Anyone who reads enough papers on this matter can certainly notice that statisticians (and even non-statisticians) employ quite often a sentence like this : "the models are fitted against the data". That's the perfect occasion for asking you this question : why do you think they are saying "models are fitted against the data" ? The response is obvious. They make a distinction between the statistical models (unobservables) and the observed data (observables).

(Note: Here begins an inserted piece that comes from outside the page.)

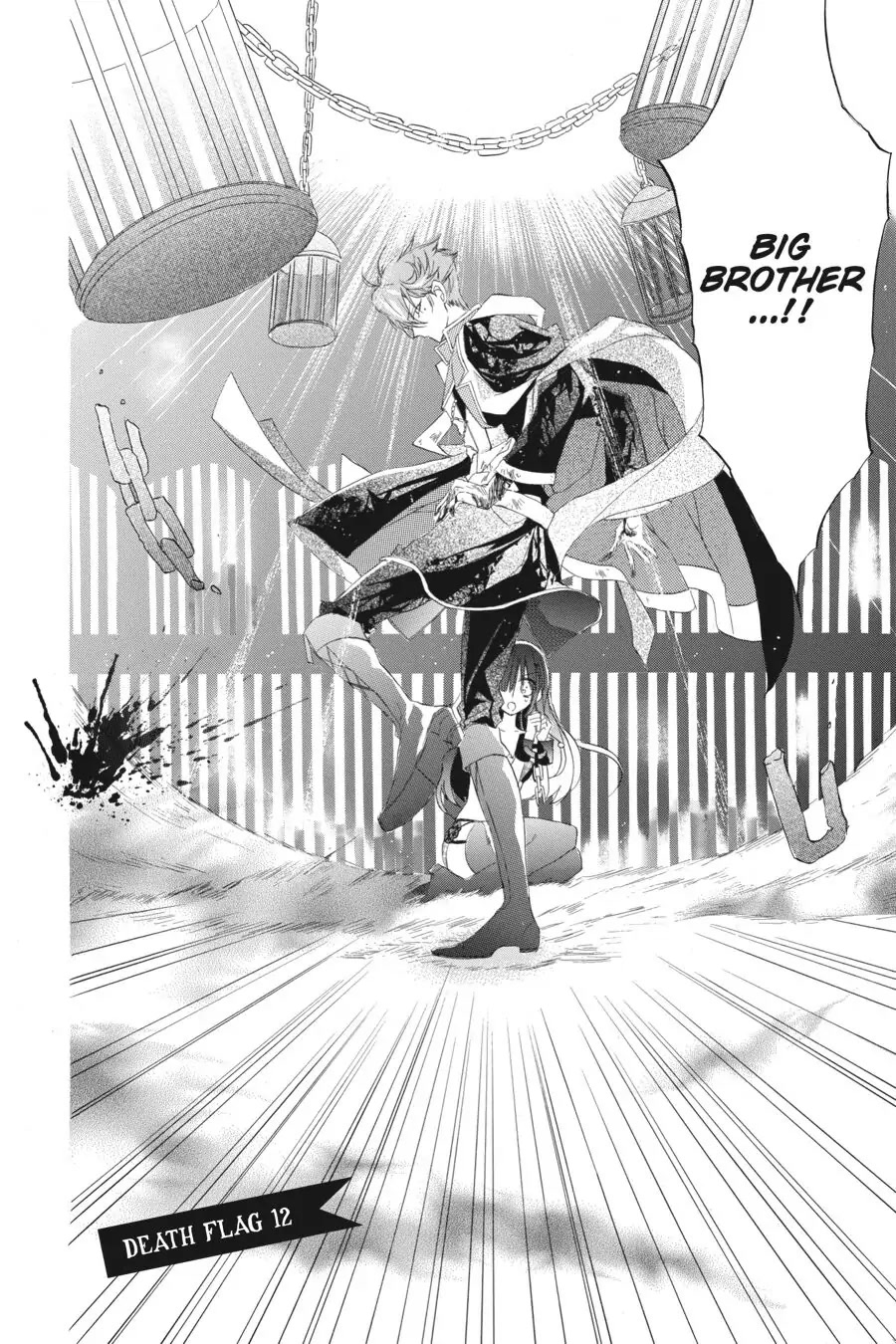 The Reincarnated Villainess' Dark History Chapter 12 page 2 - Chapter 12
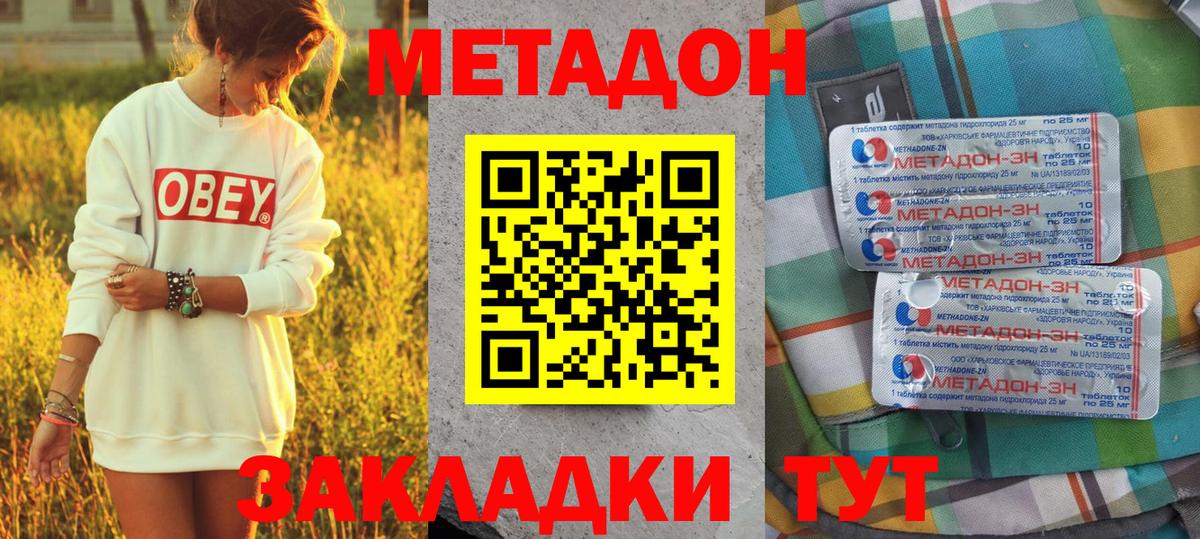 МЕТАДОН methadone  МЕТАДОН мёд  Заречный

In your paper, what you have is :

model0 = observed data

model1 ≠ observed data

model2 ≠ observed data

model3 ≠ observed data

Thus, while models 1-3 (IQ gains) can be statistically tested between each other against the data, this is not the case for model0 (no IQ gains). Models 1-3 can be said to be approximations of the observed data, but not model0. Thus, model0 violates the definition of a statistical model. By definition, a statistical model can be "statistically tested" with respect to the data. It's the purpose of a statistical model, i.e., to know how a given model approximates the data. And a model (e.g., model0) which is equivalent to the observed data cannot be "statistically tested" because model0 = data. No one can say, for example, that model0 has better model fit than models 1-3, even if it's the most accurate description of your data (which is not difficult because model0=data). Every models can fail the statistical test when they are inconsistent with the data; and the possibility of failure can apply to models 1-3 but not to model0, because, once again, model0=data.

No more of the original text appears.